Head of Political Economy

Dr Kristian Niemietz is the IEA's Head of Political Economy. Kristian studied Economics at the Humboldt Universität zu Berlin and the Universidad de Salamanca, graduating in 2007 as Diplom-Volkswirt (≈MSc in Economics). During his studies, he interned at the Central Bank of Bolivia (2004), the National Statistics Office of Paraguay (2005), and at the IEA (2006). He also studied Political Economy at King's College London, graduating in 2013 with a PhD. Kristian previously worked as a Research Fellow at the Berlin-based Institute for Free Enterprise (IUF), and taught Economics at King's College London. He is the author of the books "Socialism: The Failed Idea That Never Dies" (2019), "Universal Healthcare Without The NHS" (2016), "Redefining The Poverty Debate" (2012) and "A New Understanding of Poverty" (2011).

5 thoughts on “Neoliberalism in Chile – the unpopular success story”

  1. Posted 30/10/2019 at 23:08 | Permalink

    Is Dr Kristian Niemietz a fan of Ayn Rand at all?

  2. Posted 31/10/2019 at 18:41 | Permalink

    The Myth of the Rational Voter by Bryan Caplan illustrates why bad ideas remain popular.

  3. Posted 03/11/2019 at 11:09 | Permalink

    You people and your capitalism vs communism. XD
    It’s about not wanting a society where some live in luxury that escapes the imagination of any regular person, while others are born to barely survive, and most work to exahustion to pay their bills.
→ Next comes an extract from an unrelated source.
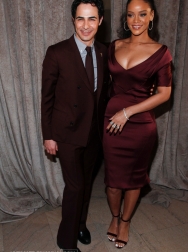 Filename=0013.jpg
Filesize=1689KiB
Dimensions=1365x2048
Date added=Nov 25, 2018 0013.jpg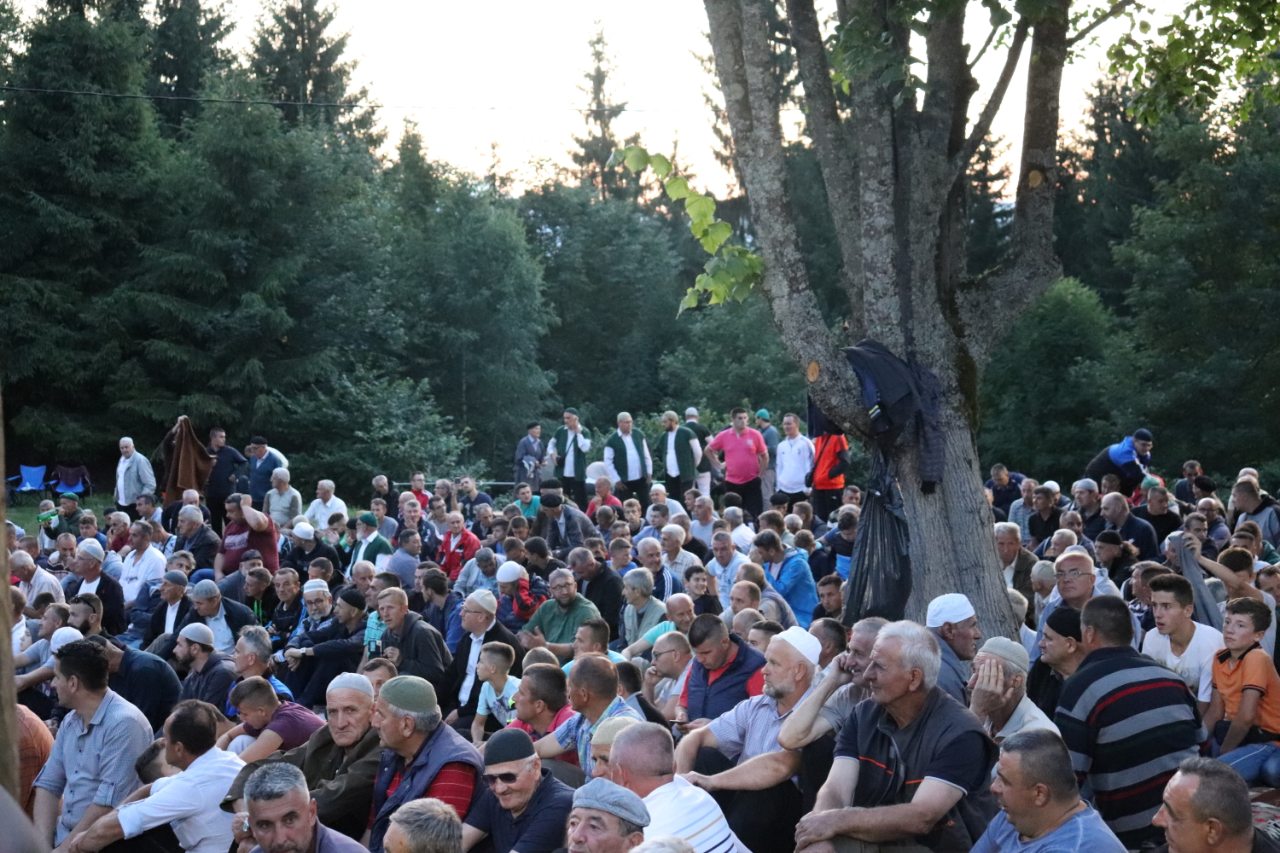 viber image 2019 07 29 06 30 56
In a country with horrible public transport, child services, public education, health and pensions systems, housing, etc…, a country with collusion among most big companies, helded by the economic and political elite. 1% of the people owns 26% of the wealth, and they own the goverment, the parlament and the media.
    And then you can add that Chile still lives in an authoritarian state in disguise. Maybe you got a glimpse these days of the obsene violence used against protesters, that were injured, tortured, raped and killed. That’s what happens when people time and time again over the years protest for some justice and equality in Chile. And then a small fixup, but nothing really changes. And rich people keep amassing wealth.
    It’s not about wanting socialism. Even if the right thinks it is, or if the few socialists wish it.
    They are not the movement.
    It’s about being a decent society.

  4. Posted 03/11/2019 at 22:00 | Permalink

    All the delusions of orthodox economics in one article backed with all the skewed statistics you’d expect from white male western privilege.

  5. Posted 04/11/2019 at 07:47 | Permalink

    What is a “decent society”? No inequality at all, or at a certain level? Who will politicaly decide?